County is the best at collecting child support

February 09, 1998|By GUY FLETCHER

County is the best at collecting child support

Efforts by the Washington County Department of Social Services to increase the amount of child support it collects have resulted in the agency registering the highest performance level in the state.

During the last three months of 1997, the county agency collected just under $2 million of the $2.6 million in child support owed.

That worked out to a 77 percent collection rate, according to the agency.

That was the best collection performance in the state, where an average of 57 percent of child support was collected, according to the state Department of Human Resources.


"We are trying to be a model office for the country," said Social Services Director David A. Engle.

Social Services estimates that by the end of the budget year on June 30, its collections will exceed $8 million, a 15 percent increase over last year.

Lockheed Martin IMS, which operates privatized child support programs in two areas of the state, has estimated it increased collections by 10 percent.

"Washington County's performance shows that when given latitude and the appropriate tools, the public sector can get the job done," said Clifford Layman, executive director of the state Child Support Enforcement Administration.

It was not known how Washington County's child support collections compare withnational figures, but the U.S. Census Bureau estimates that only 50 percent of child support cases are paid in full. Some money is paid in 25 percent of the cases, and another 25 percent receive no money, according to the federal agency.
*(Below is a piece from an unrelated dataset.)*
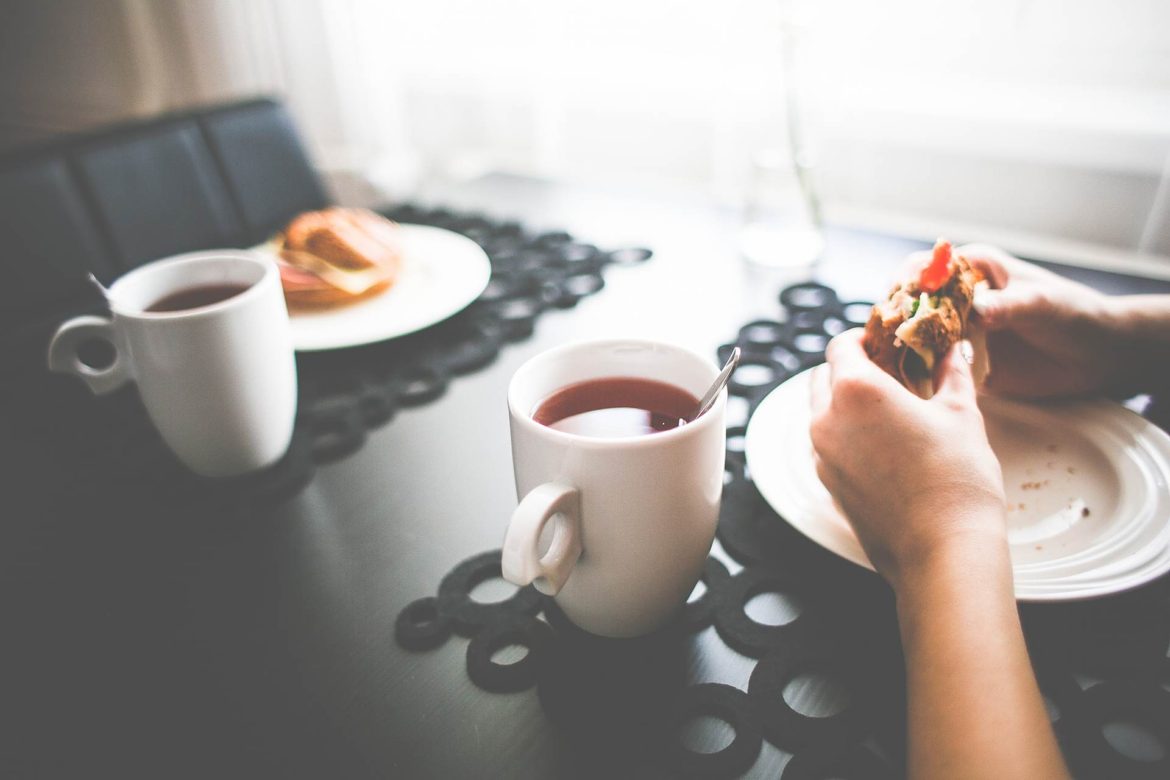 Healthy Morning Snack with a Tea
"I think we're pushing the national envelope, really," Engle said.

The county program was authorized two years ago in response to complaints from state employee union officials, who said their workers were hampered by rules that would not apply to a private contractor.
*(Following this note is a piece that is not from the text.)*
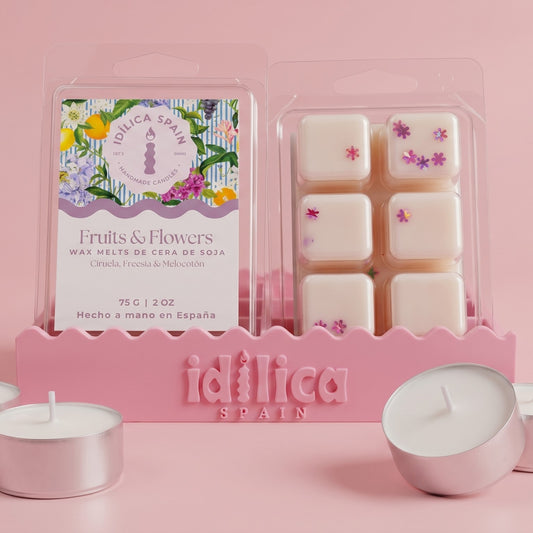 Waxmelts de Soja Fruits & Flowers - Melocotón, Ciruela & Freesia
Several changes that were made included setting up a separate lobby for child support cases, streamlining the hiring process, focusing more on customer service and allowing enforcement agents to concentrate on collecting money.
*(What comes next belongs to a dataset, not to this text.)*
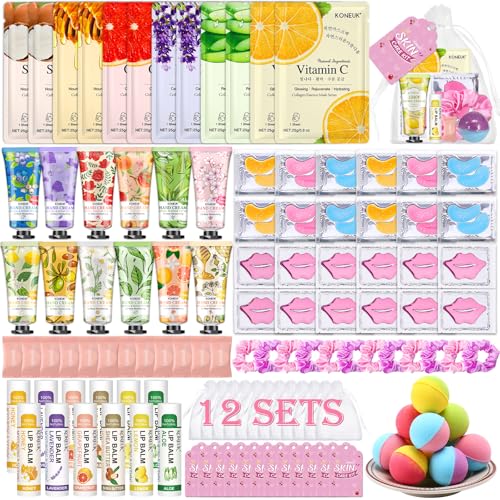 KONEUK 120 PCS Spa Party Supplies for Women, Spa Birthday Sleepover Party Supplies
Most of the ideas came in consultation with employees, Engle said.

"The line worker knows what needs to be done for them to be more effective and work more efficiently," he said.

Employees also receive bonuses, as much as 5 percent of their salary if they meet five child support performance goals. But Social Services officials said it was pride more than dollars that inspired the workers.

"I think they take pride in what they do and they take pride in doing it well. And this proves they are doing it well," said R. Christine Hart, assistant director for child support for the county agency.

Child support collections have grown steadily since the program started in November 1996. In December, collections topped the 87 percent mark, something that exceeded even Engle's most optimistic hopes.

"I was astounded," he said.

Better child support benefits taxpayers, who pay less in welfare expenses, as well as the children receiving the support, he said. It also helps the parents who owe the support, he said.

"It helps them have some relationship with their children. It starts out financial, but it turns into a personal relationship with their kids," Engle said.

Lockheed Martin IMS, a subsidiary of the defense contractor, was hired to conduct pilot programs in Baltimore City and Queen Anne's County to see if the state should get out of the business of trying to collect unpaid child support and turn the job over to private industry.

Lockheed has fallen short of its own collection goals. On Friday the company and the county agency are expected to give status updates to a General Assembly committee.